Он ждал ее на берегу. Он был уже в плавках, но смеха ради подвязался полотенцем. Она распустила замысловатую прическу и растопыренными пальцами разбирала спиральки локонов на долгие пряди. В воде волосы легко распутываются. Он ждал, с удовольствием наблюдая ее неспешные движения. В ней – сегодня – отсутствовала резкость. Ей безразлично его любование. Сан-Саныч знал это кокетство. Она привыкла к восхищению и, опасаясь последствий, тянет время. Красота – опасный дар. Опасный, для носителя сего дара. Лучше не прибегать к дальнейшим поползновениям. Она осторожно выходила из воды, оставляя расплывшиеся водоросли волос за спиной. Стоя в воде по пояс, она протянула руку за полотенцем и заявила, что для тела понадобится второе. Пришлось поделиться своим. Чалма на ее голове получилась внушительная. Они остались на берегу, любоваться плескавшейся молодежью. Красивые. Беспечные. Но стоит ли завидовать? Они закурили. Она ответила Сан-Санычу вполне серьезно:
- Оплошность не прощается. Продолжайте!
- Когда любой авантюрист может надругаться, примерно так.
- может воспользоваться оплошностью. Смысл таков. Автора не помню.
- Я тоже. Это из студенчества. Что-то о вооруженном перевороте в октябре 1917 года.
- Почему, мадам, вы вдруг без машины? Угнали? Почему днем не работаете? Вы замужем за олигархом или настоящая иностранка?
- А что?
- Но… Вы уже допустили одну оплошность и даже испугались. Я прав?
- Пожалуй, так. Я смертельно устала. Душно. Машину я продала. В гонки я не уже играю.
- Номер машины заставил сокрушаться о вашем отсутствии.
- Зачем?
- Помните, Байрон ответил?
- Кому?
- Наверно, другу: «За тем, что я ее любил».
- Хороший перевод. Единственное, что я помню.
- Продолжайте, у меня много вопросов.
- Сегодня я уже без работы. Я бездомна и у меня нет ни гроша. Довольны ли?
- Очень. Не вижу логики. Вы продали машину? Или пропили?
- Друг будет подбирать жилье. Комнату, вероятно. Есть сын.
- Вы балуете мужей! Обе мои бывшие обеспечили себя и детей (всего четверо) квартирами. Я спасаюсь от них на даче.
- Я помню.
- Я начал уставать от города. Сутолоки.
- Я знаю. Мы – уставшее поколение, но не устаревшее. С нас еще пытаются снять семь шкур.
- Но, мадам, вы просто расточительны. Почему вы уходите из дома, почему не они? Гоните бывших в шею. Это ведь женская привилегия. Лучше продать две квартиры, чем одну машину.
- Я оставила три квартиры. Они были не мои. Я развожусь.
- Долго вы одна не остаетесь. Правильно я понял.
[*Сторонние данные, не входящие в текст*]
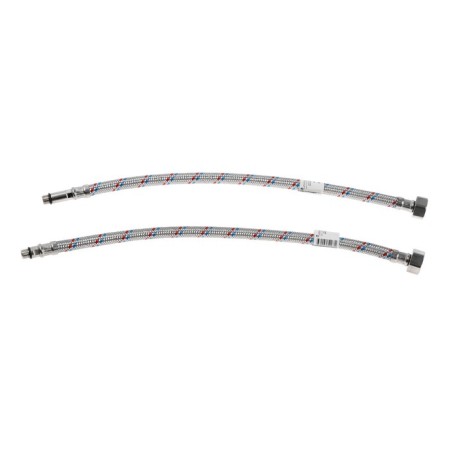 Flexible eyeliner for Aqualine mixer, 40 cm, set 2 pcs.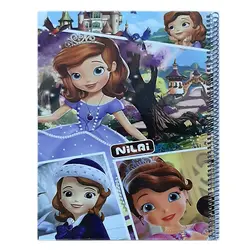 دفتر نقاشی سیمی جلد سخت فانتزی 50 برگ پشت وایت برد رحلی &ndash; برایتو| فروش اینترنتی لوازم التحریر، لوازم تحریر، ملزومات اداری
- Именно так. Непозволительная роскошь – свобода. Крайне редко. Не более месяца и то…
- Что? То?
- То цо, – рассмеялась она. – Это на чешском. Люблю этот язык. И то… Муж согласился подумать о том, чтобы дать развод.
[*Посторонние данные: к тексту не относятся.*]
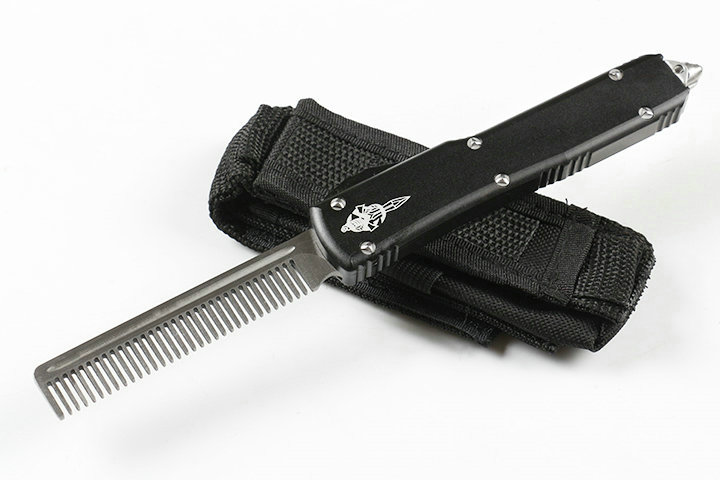 

New Comb CNC Assisted Open Aluminium Alloy Handle EDC SZ01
- Вам так важен штамп в паспорте? Интересная вы пассажирка, пани Драмилесская.
- Да. Так. Вы отвезете меня к сыну?
- А он вас ждет?
- Не очень. Он живет с девушкой или с бабушкой.
- Мама или свекровь?
- Первая свекровь.
- Лихо. Может быть, отвезти к первому мужу? Супружеский долг и все такое?
- Не смешно. Я задержалась в Союзе.
- В России.
- Конечно, в России. Хотела забрать сына, а тут началось, не вырваться. Все мои браки – до первой сцены ревности.
- Вы оригинальны.
- Так получается, сударь.
- Знаете, Марушка, я не псих. Вы допустили оплошность, и мы будем отдыхать на природе, у меня на даче места хватит.
- Шуткуете, сударь?
- Нет. Пользуюсь вашей неосмотрительностью. Куда сейчас без машины, автостопом? Нарваться на беду? И я без вас никуда. Конечно, можете идти пешком, но далеко до Москвы и цивилизации. Шаг в сторону… И? Две оплошности в один день неуместны для умной женщины.
- Я не Марушка, Маруся. Просто Маруся.
- Очень рад, что вы не солгали… тогда.
- Почему вы ждете, что я солгу?
- Сам не знаю. Наверно, страх потерять вас навсегда.
- Мы все уходим навсегда и что ж?
- Но не сейчас. А вы ничего не боитесь, Марусечка? Так опрометчиво сесть в машину незнакомца! Вы же меня не узнали.
- Я была в полуобморочном состоянии, и на этом месте всегда ждут пассажиров.
- Но ведь случаются неприятности…
- Случаются. У меня они другого рода. Потом, я ставлю диагноз по глазам. Хорошая была практика.
- Вы психиатр.
- Была когда-то. Поехали, посмотрю на ваших кроликов.
- Хорошая у вас память, пани Драмилесская.